Authored by rampitec on Oct 1 2018, 10:36 AM.

Details

Summary

Currently it returns incorrect operand size for a target independet
node such as COPY if operand is a register with subreg. Instead of
correct subreg size it returns a size of the whole superreg.

Diff Detail

Repository
rL LLVM

Event Timeline

rampitec created this revision.Oct 1 2018, 10:36 AM
This revision is now accepted and ready to land.Oct 1 2018, 10:56 AM
This revision was automatically updated to reflect the committed changes.
arsenm added inline comments.Oct 1 2018, 7:13 PM
llvm/trunk/lib/Target/AMDGPU/SIInstrInfo.h
735–736

I think this silently will break if we start using 16-bit subregs. Can you assert that this number is consistent with the size of the super-reg?

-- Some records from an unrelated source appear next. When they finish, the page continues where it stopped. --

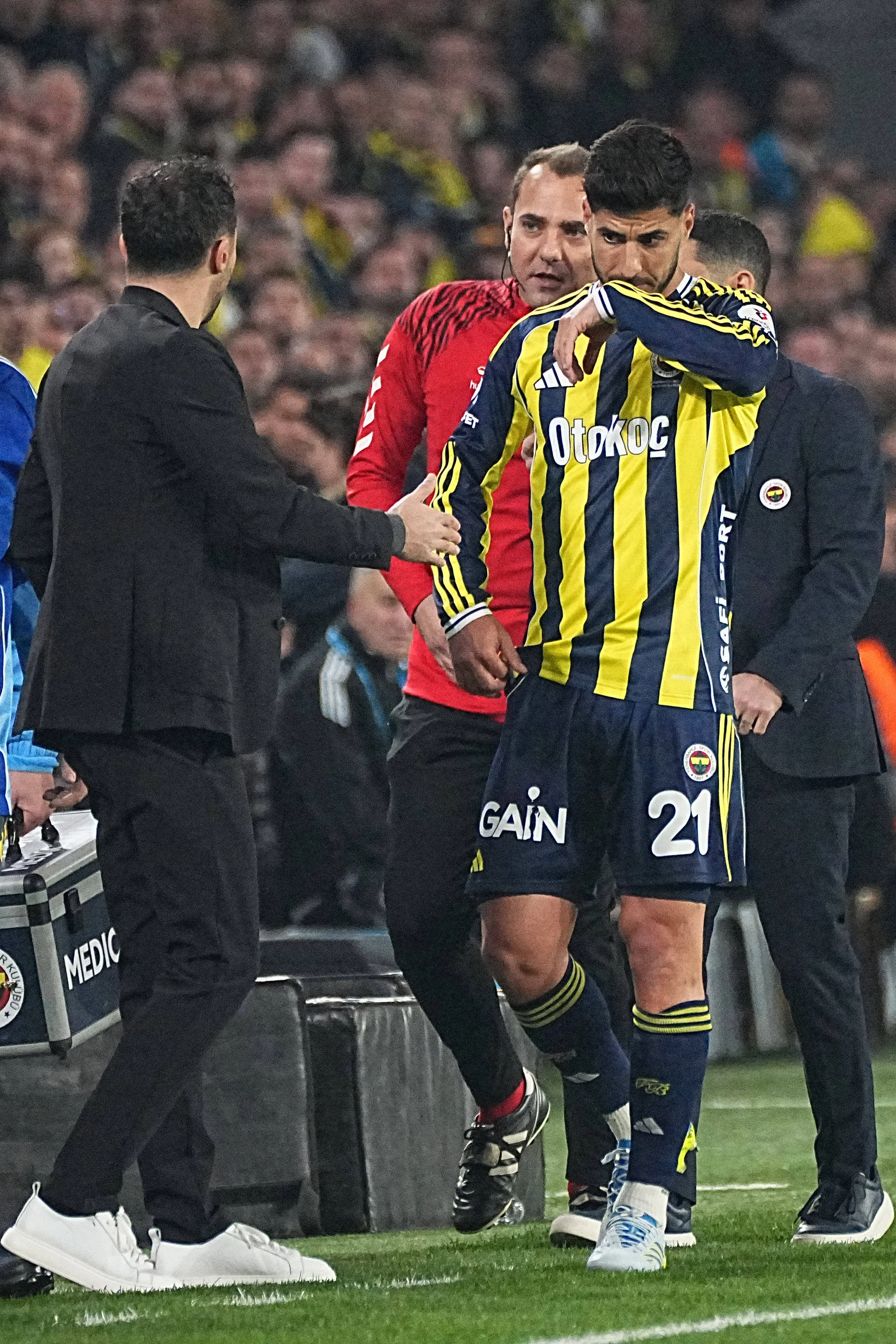 Marco Asensio of Fenerbahce forced off with an injury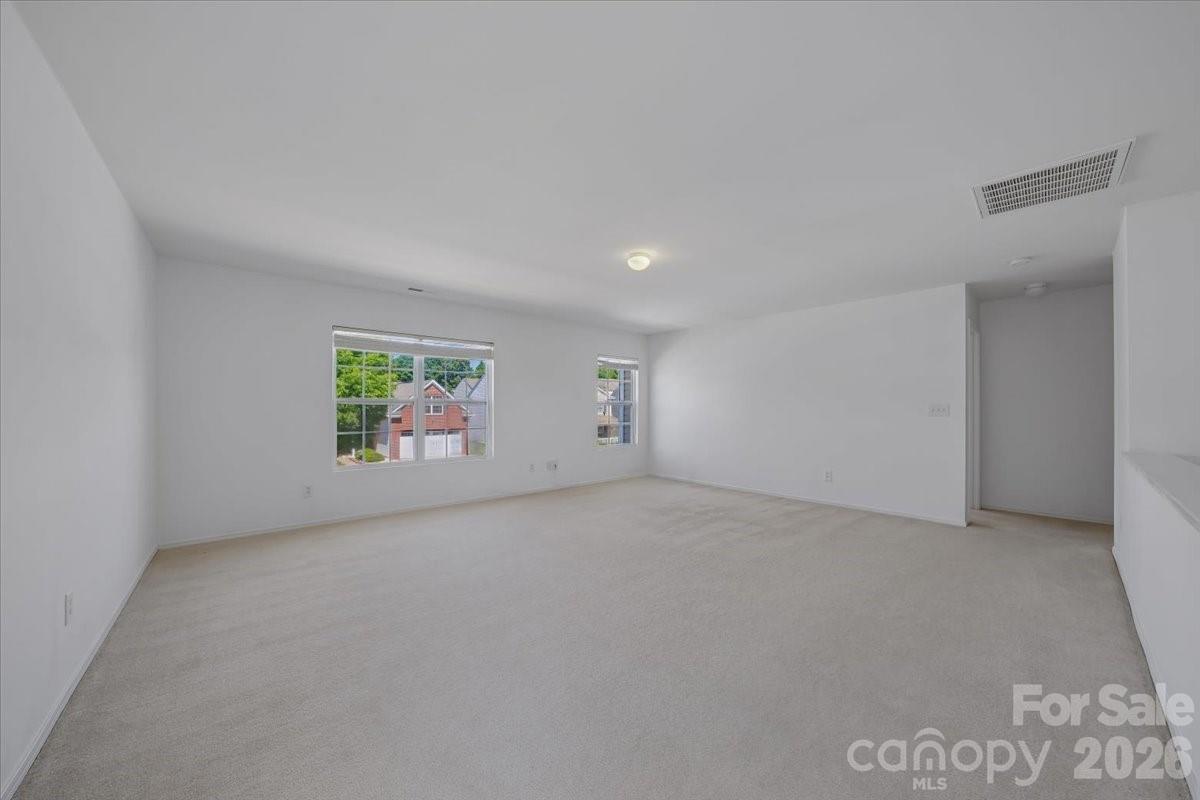 1000 Silverberry Street — Gastonia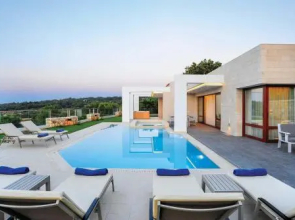 White Oak Tree Villa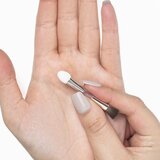 Artdeco Eyeshadow Applicator obojestranski univerzalni čopič za predel okoli oči 1 kos | Shoptok.si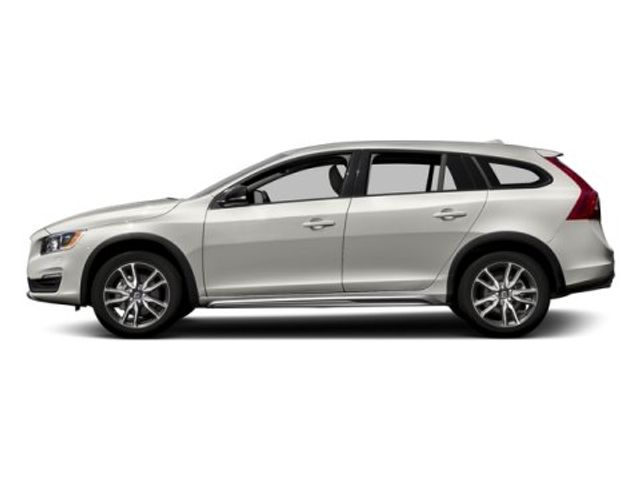 2017 Volvo V60 Cross Country Base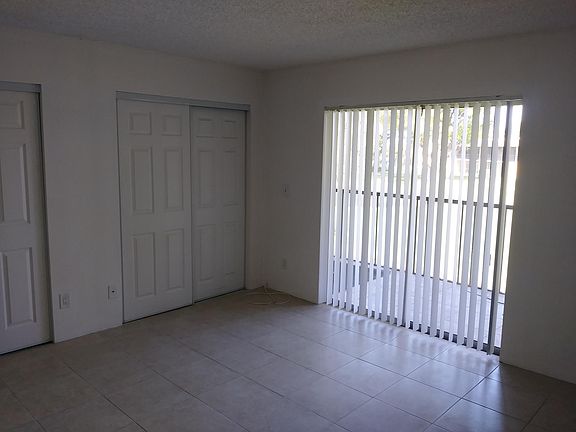 5th image of 1832 Meadows Cir W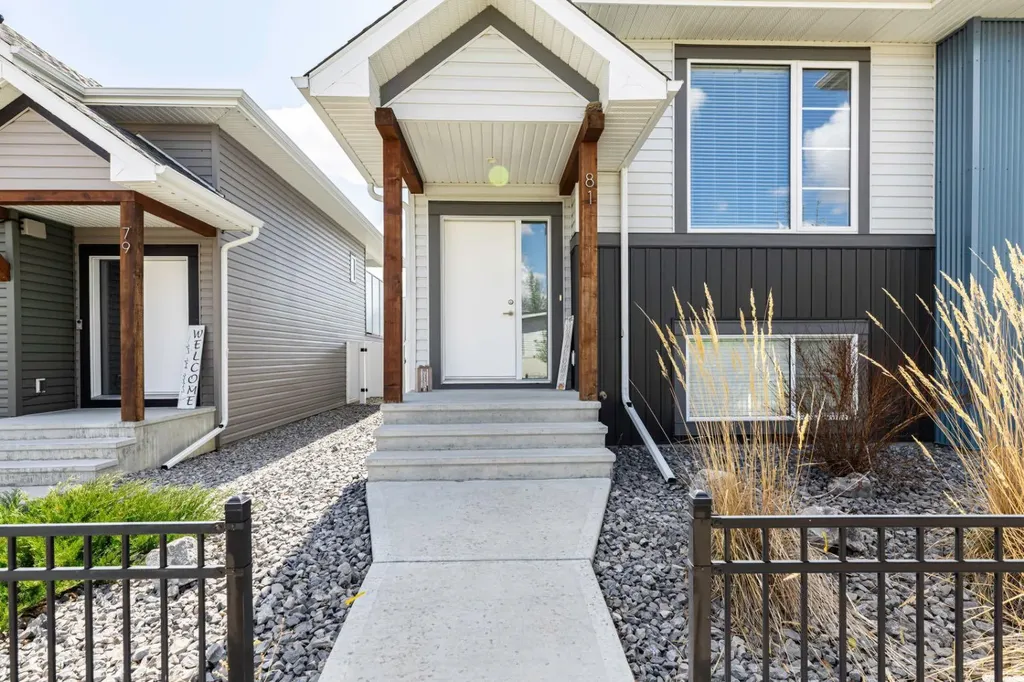 81 Ellington Crescent Red Deer AB T4P3E5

rampitec added inline comments.Oct 1 2018, 8:27 PM
llvm/trunk/lib/Target/AMDGPU/SIInstrInfo.h
735–736

In fact a lot will break if we start using 16 bit subregs. I would like to add the assert, but that is exactly the problem, one cannot know subreg's size without assuming target specific subreg layout. I.e. I do not see how to do it w/o listing all possible subregs in our target. Also note that MRI.getMaxLaneMaskForVReg() will happily return -1 for the whole register. Any ideas?

arsenm added inline comments.Oct 1 2018, 9:19 PM
llvm/trunk/lib/Target/AMDGPU/SIInstrInfo.h
735–736

You can just assert against the size of the subreg class? Something like (getRegSizeInBits(getSubClassWithSubReg(getRegClass(Reg)) >= 32)?

rampitec added inline comments.Oct 1 2018, 9:21 PM
llvm/trunk/lib/Target/AMDGPU/SIInstrInfo.h
735–736

A subreg can be sub0_sub1, which will pass the check.

arsenm added inline comments.Oct 1 2018, 10:11 PM
llvm/trunk/lib/Target/AMDGPU/SIInstrInfo.h
735–736

Yes, that should work. The issue is if a subregindex like sub0_lo16 is used

rampitec added inline comments.Oct 1 2018, 10:16 PM
llvm/trunk/lib/Target/AMDGPU/SIInstrInfo.h
735–736

As long as you are not planning to have sub0_lo16_hi16 ;) I see the point, at least cases will fail, which is sufficient to catch.